Lebanon spy suspect held in Cyprus admits Hezbollah ties
NICOSIA – Agence France-Presse
AP photoA Lebanese man on trial in Cyprus on charges of spying and planning attacks on Israeli targets has admitted belonging to Lebanon's militant group Hezbollah, media reported on Thursday.
Arrested in the port city of Limassol in July last year, Hossam Taleb Yaacoub faces eight charges, including of conspiracy to commit a crime and of participating in a criminal organisation.
He denied planning any attack when his testimony was read out at the Limassol criminal court on Wednesday, but admitted to being a member of Hezbollah for the past four years, while insisting that he worked solely for the group's political branch, the Cyprus Mail reported.
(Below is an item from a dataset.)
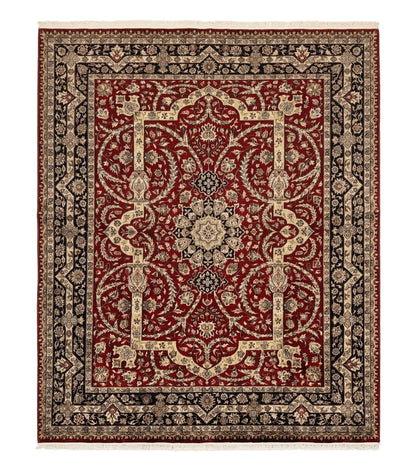 Indo Persian Rug 8x10, Red Vintage Wool Traditional Carpet, Floral, Handmade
The defendant, who has dual Lebanese and Swedish nationalities, said he received orders from a masked Hezbollah operative called Ayman and was told to stake out hotels on the holiday island frequented by Israelis, including in Limassol and Ayia Napa.
Cyprus police have refused to comment publicly on the case, describing it as a "sensitive political issue".
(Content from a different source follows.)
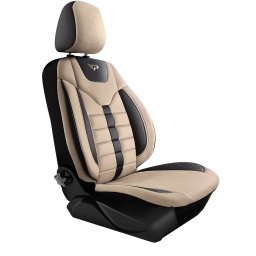 Set huse scaune auto Panda Toronto tip Alcantara, bej-negru, 11 piese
Shortly after Yaacoub's arrest, five Israeli tourists and their Bulgarian driver were killed in a bus bombing at an airport in Bulgaria, the deadliest attack on Israelis abroad since 2004, which Israel blamed on Iran and its Lebanese ally Hezbollah.
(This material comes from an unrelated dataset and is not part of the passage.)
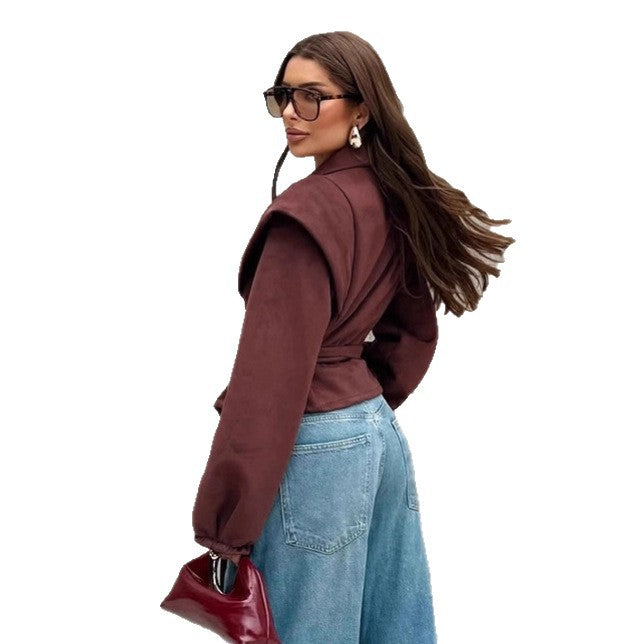 Damen Kunstlederjacke mit übergroßen Ärmeln und taillierter Silhouette R&B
At Wednesday's court hearing, Yaacoub was unable to answer questions about a red notebook containing the registration numbers of tourist buses that he had with him at the time of his arrest.
He said he had received weapons and acted as a courier for Hezbollah in Europe, delivering packages whose contents he said he was unaware of, to the French city of Lyon and to Amsterdam, and to Antalya in southwest Turkey.
"I never wanted to hurt anyone, I have no affiliation with terrorism and I am not a member of a terrorist or criminal organisation," Yaacoub said in his testimony.
His trial is set to continue on Thursday.
Officials have said there is no evidence directly linking Yaacoub with the Bulgaria attack, despite remarks in July by Cypriot Justice Minister Loucas Louca who said there were similarities between his behaviour and that of the Burgas bomber.
Cyprus is a popular tourist destination for Israelis, nearly 40,000 of whom visited last year.
The island saw attacks against Israeli interests in the late 1970s and early 1980s, but since then it has been viewed as a relative regional safe haven, and neutral ground for unofficial Middle East peace contacts.
Ties between Israel and Cyprus have strengthened in recent years, with the two countries discussing the joint development of offshore gas discoveries.